PUBLISHED: 10:33 20 February 2017 | UPDATED: 10:33 20 February 2017

The leper fields near Taddiport, in the Torridge Valley

The leper fields near Taddiport, in the Torridge Valley

Archant

Simone Stanbrook-Byrne explores around Great Torrington, a town that played a strategic part in the English Civil War

Great Torrington oozes history and, even if you get no further than the start point, it’s worth coming here just for the astonishing view from the car park. The River Torridge meanders through the valley. Below to the right is the village of Taddiport (meaning ‘toad gate’). Just to the left of the village are two long narrow ‘leper strips’, once part of seven similar fields. These are all that remain of an old mediæval farming system which was used by inmates of a leper hospital at Taddiport during the 13th to 14th centuries, enabling the patients to grow their own food.

Later, during the English Civil War, Great Torrington was a violently busy place. First a stronghold for Royalist troops, Thomas Fairfax took the town from them at the Battle of Torrington on 16 February 1646, the end of Royalist resistance in the West Country. The date explains the unusual name of the café.

But, unbeknown to Fairfax, the Royalists had been using the church to store gunpowder. A stray spark ignited this, blowing the roof off the church where Fairfax had housed around 200 prisoners. They, and many of Fairfax’s men, were killed and the church largely destroyed. It was rebuilt in 1651, the victims buried under a long tree-topped cobbled mound outside the church, which makes for an interesting extra stretch at the end of walk. An annual, torch-lit re-enactment commemorates the date.
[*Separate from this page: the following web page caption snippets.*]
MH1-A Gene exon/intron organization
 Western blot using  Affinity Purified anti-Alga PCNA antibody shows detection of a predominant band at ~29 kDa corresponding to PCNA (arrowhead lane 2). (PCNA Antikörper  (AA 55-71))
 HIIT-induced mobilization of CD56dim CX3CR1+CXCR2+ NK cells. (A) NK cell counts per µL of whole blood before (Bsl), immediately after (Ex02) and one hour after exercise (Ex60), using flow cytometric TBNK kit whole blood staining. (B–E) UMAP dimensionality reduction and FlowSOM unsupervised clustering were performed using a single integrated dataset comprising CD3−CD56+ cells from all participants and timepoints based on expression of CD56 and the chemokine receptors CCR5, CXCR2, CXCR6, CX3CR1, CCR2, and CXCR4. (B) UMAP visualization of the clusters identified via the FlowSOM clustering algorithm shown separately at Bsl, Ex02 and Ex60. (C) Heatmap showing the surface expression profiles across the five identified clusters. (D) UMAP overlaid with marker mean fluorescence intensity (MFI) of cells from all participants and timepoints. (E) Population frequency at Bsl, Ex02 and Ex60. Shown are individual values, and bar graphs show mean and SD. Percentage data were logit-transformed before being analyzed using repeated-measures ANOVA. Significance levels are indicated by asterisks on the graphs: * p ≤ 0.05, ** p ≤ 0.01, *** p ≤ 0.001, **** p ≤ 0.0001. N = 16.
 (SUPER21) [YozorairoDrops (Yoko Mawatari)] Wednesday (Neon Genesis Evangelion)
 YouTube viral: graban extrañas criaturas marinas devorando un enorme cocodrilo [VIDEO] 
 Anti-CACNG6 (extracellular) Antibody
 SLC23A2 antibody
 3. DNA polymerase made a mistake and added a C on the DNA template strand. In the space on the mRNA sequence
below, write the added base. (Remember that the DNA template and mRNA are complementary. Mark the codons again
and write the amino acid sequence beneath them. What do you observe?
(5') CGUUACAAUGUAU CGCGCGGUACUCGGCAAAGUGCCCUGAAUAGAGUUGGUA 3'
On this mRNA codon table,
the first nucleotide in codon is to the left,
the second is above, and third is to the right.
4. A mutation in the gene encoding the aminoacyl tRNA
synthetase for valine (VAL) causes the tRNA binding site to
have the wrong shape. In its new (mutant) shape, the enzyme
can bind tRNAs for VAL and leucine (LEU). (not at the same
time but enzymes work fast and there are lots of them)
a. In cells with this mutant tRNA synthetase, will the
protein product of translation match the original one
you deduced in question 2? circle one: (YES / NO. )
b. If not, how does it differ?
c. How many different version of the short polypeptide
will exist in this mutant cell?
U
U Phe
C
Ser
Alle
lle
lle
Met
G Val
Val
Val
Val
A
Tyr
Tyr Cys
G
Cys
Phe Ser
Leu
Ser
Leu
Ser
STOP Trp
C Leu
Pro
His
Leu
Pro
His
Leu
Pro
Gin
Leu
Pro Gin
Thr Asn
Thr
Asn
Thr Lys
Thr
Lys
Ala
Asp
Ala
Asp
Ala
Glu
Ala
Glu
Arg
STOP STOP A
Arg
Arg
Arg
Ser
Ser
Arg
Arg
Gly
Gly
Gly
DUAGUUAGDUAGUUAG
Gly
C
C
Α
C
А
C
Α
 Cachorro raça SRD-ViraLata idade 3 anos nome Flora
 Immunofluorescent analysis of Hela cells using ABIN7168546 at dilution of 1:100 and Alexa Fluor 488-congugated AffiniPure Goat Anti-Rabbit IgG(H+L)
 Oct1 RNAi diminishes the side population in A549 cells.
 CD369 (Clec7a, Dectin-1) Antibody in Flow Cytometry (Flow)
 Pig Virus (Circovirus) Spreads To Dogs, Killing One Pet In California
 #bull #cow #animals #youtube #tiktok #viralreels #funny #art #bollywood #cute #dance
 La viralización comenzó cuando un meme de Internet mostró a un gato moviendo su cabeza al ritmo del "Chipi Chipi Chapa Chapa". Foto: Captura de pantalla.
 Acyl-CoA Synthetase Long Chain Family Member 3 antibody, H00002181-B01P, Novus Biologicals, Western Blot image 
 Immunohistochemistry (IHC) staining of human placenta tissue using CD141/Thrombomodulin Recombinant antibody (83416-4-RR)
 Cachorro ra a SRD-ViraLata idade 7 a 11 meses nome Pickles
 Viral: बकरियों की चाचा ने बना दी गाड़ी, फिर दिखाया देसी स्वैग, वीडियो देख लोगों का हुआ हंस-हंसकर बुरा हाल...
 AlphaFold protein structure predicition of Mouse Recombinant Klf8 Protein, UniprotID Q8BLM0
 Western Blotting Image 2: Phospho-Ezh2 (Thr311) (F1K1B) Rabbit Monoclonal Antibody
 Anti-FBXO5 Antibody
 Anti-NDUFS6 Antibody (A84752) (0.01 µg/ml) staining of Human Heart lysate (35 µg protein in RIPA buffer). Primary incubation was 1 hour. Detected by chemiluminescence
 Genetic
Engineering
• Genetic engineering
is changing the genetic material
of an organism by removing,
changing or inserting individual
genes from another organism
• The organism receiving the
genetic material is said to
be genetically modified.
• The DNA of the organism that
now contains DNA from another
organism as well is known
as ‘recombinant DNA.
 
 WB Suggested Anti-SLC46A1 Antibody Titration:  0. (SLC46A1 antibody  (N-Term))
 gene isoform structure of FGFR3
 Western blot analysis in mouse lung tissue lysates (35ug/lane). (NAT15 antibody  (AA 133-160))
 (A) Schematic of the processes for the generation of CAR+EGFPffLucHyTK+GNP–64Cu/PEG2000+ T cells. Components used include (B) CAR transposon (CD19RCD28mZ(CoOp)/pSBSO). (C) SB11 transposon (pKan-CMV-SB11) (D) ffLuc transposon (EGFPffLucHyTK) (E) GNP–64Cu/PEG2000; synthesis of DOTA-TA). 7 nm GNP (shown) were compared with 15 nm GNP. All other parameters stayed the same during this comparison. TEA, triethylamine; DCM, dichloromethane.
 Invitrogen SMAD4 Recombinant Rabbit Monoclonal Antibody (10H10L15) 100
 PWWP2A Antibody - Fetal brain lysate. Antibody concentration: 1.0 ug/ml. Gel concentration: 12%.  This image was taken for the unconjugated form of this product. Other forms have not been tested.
Portal from the car park, leading to the ‘commons’ and the viewPortal from the car park, leading to the ‘commons’ and the view

Elusive otters live along the river, although are unlikely to show themselves.

When winter days are short it’s good to head out and make the most of whatever daylight shows itself and this is one of the most well-benched walks I know. Take a flask and drink in the views along with your coffee. To extend your day out, Torrington is home to Dartington Crystal (check winter opening times) plus the RHS Gardens at Rosemoor (open daily) – both great places to visit.

Route:

Leave your car to enjoy the view and head for the back left corner of the car park where a gateway, low down in the surrounding stone wall, leads into the view and onto some of the extensive ‘common lands’, given to the town in the 12th century. Beyond the gateway turn right along the path, known as The Old Maid’s Walk, the wall on your right and a vast view to your left. Follow the path when it bends sharply left down steps.

Within 150m you meet another descending path, turn right along it and continue downhill, staying on this path and ignoring any others to left or right. The river is down to your left as you gradually drop towards it; other walkers on the zigzags below giving the feeling of an ‘Escher’ painting. At the bottom a stone plinth shows that this is the Millennium Path. Beyond here you meet a broad track, turn right along it.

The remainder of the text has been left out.